The current conventional wisdom that liberals

are pro-government and conservatives are anti- is frequently traced to President Ronald Reagan’s often-invoked notion that government is the problem,

not the solution. But when you read Reagan’s first inaugural address, delivered in 1981 in the middle of a crushing recession,

what he actually said was this: “In this present crisis, government is not the solution to our problem; government is the problem.”

This was not a blanket condemnation of government, but a reaction to a specific situation in which the federal government seemed particularly ineffective.

Reagan went on to say that “it’s not my intention to do away with government. It is rather to make it work.”

Near the end of his speech

Reagan invoked the first Republican president, Abraham Lincoln. Lincoln had his own clear and, I think, conservative ideas of government.

He wrote that government should do the things that individuals could not do for themselves,

including “maintaining roads, bridges and the like” and dealing with “noncompliance with contracts.”

Lincoln’s lawyer-like invocation of the evils of contract noncompliance hints

at a theme that Governing columnist Alex Marshall has made explicit in his most recent book. In The Surprising Design of Market Economies.

Marshall demonstrates that free markets are created by, and cannot exist without, governments. Governments,

he writes, create the legal framework trading requires, provide police and courts to enforce laws.

and contracts, and build the “commons” — roads, bridges, ports and other facilities necessary for commerce.

what is the purpose of governmentwhat is the purpose of government
what is the purpose of government

The relationship of government to markets is an ongoing one that requires continual intervention from government

to maintain order and stability. This is because markets are inherently disruptive. The term “creative destruction,”

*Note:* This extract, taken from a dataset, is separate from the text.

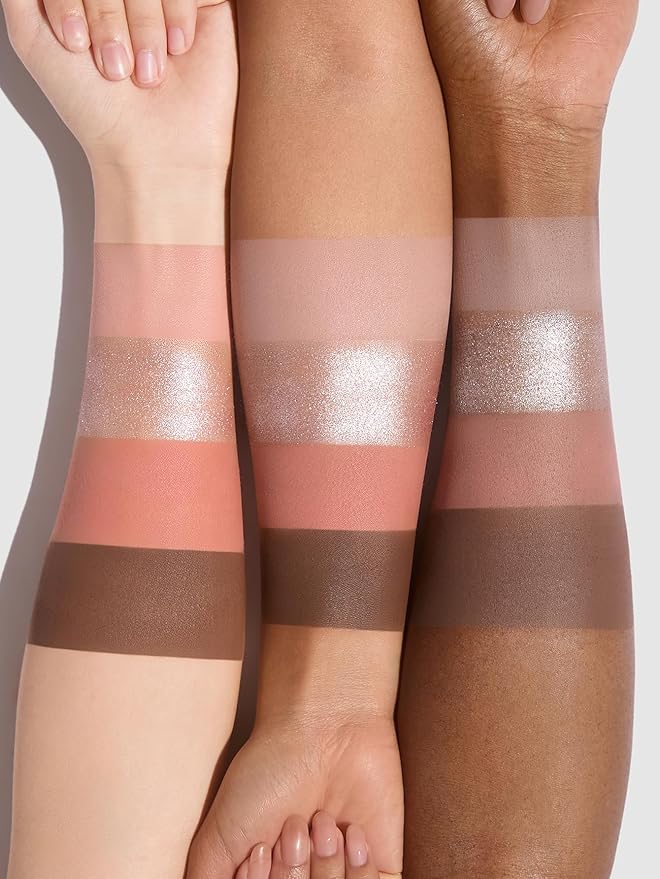 SHEGLAM Daydreamer Mini Palette 4 Colors Palette - Pillow Fluff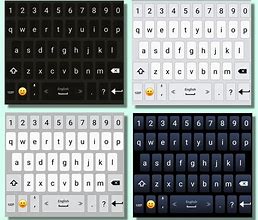 Image result for Android Keyboard Screen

used by Joseph Schumpeter in his 1942 book Capitalism, Socialism and Democracy,

describes “the process of industrial mutation that incessantly revolutionizes the economic structure from within.

incessantly destroying the old one, incessantly creating a new one

Schumpeter thought that the creative-destructive processes inherent in capitalism would eventually lead to its destruction.

The fact that this has not occurred

— or at least not yet — is the result of government’s continuing ability to intervene, moderating the disruptive impacts of the ever-changing market economy.

The Purpose of Government

Securing fundamental individual rights, as well as the rights of the people as a whole to govern themselves through consent is the principal object of the republic envisioned by the Founders like James Madison

, James Wilson, Alexander Hamilton, and George Mason. We find in Federalist No.

10 (1787), however, another characterization of what Madison calls the “first object”

of government that is worthy of more consideration than it generally receives.

Capturing his vision of a defensible democratic republic

perhaps better than a mere reference to securing fundamental rights, Madison invited the American people in the late 1780s to embrace a governmental arrangement.

that would protect them in the exercise of their “diverse faculties.” Madison provided more detail on this concept in his 1792 essay “On Property”:

Government

A government is the system or group of people governing an organized community, generally a state.

In the case of its broad associative definition, government normally consists of legislature, executive, and judiciary. Government is a means by which organizational policies are enforced, as well as a mechanism for determining policy. Each government has a kind of constitution, a statement of its governing principles and philosophy.

Definitions and etymology

A government is the system to govern a state or community.

The word government derives, ultimately, from the Greek verb κυβερνάω [kubernáo] (meaning to steer with gubernaculum (rudder), the metaphorical sense being attested in Plato’s Ship of State).